As part of its Wit and Wisdom Series, Garrison Keillor came to the Carpenter Center a short while back and it seemed like he'd been here forever.
He stands before us, with eyes closed, as if he was channeling something far away. He fidgets with his hands. He coaxes, unsuccessfully, a wisp of blond hair that refuses to stay put. He wears a black suit, red tie, shoes, and socks, all of which give him the look of a disheveled and wistful clown masquerading as an undertaker who's seen too much of the world's vanities. Perhaps that's why he often breaks out into a poem or a Lutheran hymn. It's his voice, that soothing, "let me tell you a story" voice, which gains your trust, which gets you to believe in the mythic status of otherwise overlooked mundane things. He's the aggrandizer of trivia, spinning it into gold. His would be the perfect voice of the pilot coming over the speaker in turbulent weather.
He serenades us with this sing-song voice, regaling us with tales that begin in one place, drift to some other place and miraculously end back where they started. He acquaints us with the various characters that people his hometown, each as exquisitely flawed as the other. He speaks of growing up on the prairie of Minnesota. We learn of the challenges of the climate (there's a reason prairie children don't wet their beds), of the no-hugging policy of Scripture, of the adorable characteristics of the Lutherans and the Sanctified Brethren. He tells us the outrageous story of the Lutheran Herdmen who attended The National Church Ushering competition held here in Long Beach. Of a young boy whose family inadvertently abandoned him in a gas station on a family station. Of his flight to New York to escape the draft as well as a misguided engagement to a girl whose sister he really loved. He narrates the story of two waitresses in the Chatterbox Café telling a story of a wife who shot his husband in the ankle as he leaped out a window because he had impregnated a much, much younger woman.

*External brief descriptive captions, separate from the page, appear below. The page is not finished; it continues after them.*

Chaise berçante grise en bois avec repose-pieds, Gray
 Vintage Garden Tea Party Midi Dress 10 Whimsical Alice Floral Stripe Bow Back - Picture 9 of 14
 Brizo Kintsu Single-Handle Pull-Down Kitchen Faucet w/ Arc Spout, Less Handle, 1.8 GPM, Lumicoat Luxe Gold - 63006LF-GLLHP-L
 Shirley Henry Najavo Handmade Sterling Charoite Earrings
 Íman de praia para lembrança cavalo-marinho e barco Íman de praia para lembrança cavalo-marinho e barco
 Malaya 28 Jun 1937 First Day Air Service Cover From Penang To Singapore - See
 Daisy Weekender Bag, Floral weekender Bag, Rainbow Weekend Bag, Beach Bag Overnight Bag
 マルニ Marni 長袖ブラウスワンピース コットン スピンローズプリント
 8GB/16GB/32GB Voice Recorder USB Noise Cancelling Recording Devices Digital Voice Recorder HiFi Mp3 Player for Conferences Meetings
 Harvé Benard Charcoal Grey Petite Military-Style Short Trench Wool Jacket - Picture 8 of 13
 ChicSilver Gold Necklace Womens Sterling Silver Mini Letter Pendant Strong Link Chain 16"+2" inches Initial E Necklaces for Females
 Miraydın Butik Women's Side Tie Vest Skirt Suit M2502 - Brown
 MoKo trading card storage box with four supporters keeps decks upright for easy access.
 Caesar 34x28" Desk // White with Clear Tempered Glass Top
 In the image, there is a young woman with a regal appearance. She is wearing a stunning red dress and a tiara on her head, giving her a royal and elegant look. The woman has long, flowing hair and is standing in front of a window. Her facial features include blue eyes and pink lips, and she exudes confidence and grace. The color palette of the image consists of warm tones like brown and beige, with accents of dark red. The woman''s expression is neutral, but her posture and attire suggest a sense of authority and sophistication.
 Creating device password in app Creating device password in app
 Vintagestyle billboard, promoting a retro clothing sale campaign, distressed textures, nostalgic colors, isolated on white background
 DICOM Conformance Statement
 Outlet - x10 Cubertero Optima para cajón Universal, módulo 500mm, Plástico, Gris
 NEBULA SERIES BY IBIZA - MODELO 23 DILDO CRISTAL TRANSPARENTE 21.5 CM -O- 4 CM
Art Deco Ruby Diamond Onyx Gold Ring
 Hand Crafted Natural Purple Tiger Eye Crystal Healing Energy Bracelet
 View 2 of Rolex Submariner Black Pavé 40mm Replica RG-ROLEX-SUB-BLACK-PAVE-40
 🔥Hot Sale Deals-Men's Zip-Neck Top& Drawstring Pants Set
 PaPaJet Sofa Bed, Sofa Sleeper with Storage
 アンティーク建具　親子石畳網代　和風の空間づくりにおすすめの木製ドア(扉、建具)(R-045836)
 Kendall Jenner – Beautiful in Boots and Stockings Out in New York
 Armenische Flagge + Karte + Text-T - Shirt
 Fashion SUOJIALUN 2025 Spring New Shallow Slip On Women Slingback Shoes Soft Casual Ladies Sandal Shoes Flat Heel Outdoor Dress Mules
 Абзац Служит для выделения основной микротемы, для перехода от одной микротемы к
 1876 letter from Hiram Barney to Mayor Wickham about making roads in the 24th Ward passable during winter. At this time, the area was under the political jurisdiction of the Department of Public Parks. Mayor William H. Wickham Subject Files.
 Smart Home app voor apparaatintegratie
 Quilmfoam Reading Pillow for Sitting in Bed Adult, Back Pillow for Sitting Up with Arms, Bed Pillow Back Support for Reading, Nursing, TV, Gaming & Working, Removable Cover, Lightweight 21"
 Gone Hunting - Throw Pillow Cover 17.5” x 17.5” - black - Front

But what shines through this utterly captivating spectacle of a prop-less Nordic troubadour on a stage for two hours is how his stories of coming terms with himself provide the vehicle by which we come to terms with ourselves. Behind these tales are the lessons learned from a lifetime of observation and reflection. He's particular eloquent about love, whose search he defines as our point for living. Love's not for the timid, he says, though it does offer our only consolation, namely, for intimacy with our best-informed critic. It's not about winning but about continuous jeopardy, which of course, for poetic souls, means there's the daily prospect of falling in love over and over again.
As you listen to these tales, told by this prairie Homer, you realize that becoming a connoisseur of life's precious moments makes this evening the perfect way to spend the last day of an otherwise endless summer.